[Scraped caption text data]
━━━
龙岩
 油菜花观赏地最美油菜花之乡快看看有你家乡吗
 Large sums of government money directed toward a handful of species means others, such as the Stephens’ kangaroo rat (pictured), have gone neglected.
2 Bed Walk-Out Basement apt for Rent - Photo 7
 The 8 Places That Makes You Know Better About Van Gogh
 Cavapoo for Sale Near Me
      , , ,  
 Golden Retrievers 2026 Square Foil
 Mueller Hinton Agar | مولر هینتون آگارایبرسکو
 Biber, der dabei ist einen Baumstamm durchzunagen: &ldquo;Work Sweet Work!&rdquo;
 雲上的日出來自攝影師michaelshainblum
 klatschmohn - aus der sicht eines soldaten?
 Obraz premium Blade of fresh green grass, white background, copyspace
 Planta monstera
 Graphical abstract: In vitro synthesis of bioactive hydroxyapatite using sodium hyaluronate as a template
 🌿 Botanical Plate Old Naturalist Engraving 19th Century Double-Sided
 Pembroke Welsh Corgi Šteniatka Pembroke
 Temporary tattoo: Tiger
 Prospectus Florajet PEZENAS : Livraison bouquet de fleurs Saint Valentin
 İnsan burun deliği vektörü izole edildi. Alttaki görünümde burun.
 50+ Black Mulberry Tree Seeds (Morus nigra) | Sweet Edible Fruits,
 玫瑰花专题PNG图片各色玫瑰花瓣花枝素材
━━━
Print, without alteration, only the lines above between the one holding "The 8 Places" and the one holding "Planta monstera", inclusive.

Answer for this exercise
 The 8 Places That Makes You Know Better About Van Gogh
 Cavapoo for Sale Near Me
      , , ,  
 Golden Retrievers 2026 Square Foil
 Mueller Hinton Agar | مولر هینتون آگارایبرسکو
 Biber, der dabei ist einen Baumstamm durchzunagen: &ldquo;Work Sweet Work!&rdquo;
 雲上的日出來自攝影師michaelshainblum
 klatschmohn - aus der sicht eines soldaten?
 Obraz premium Blade of fresh green grass, white background, copyspace
 Planta monstera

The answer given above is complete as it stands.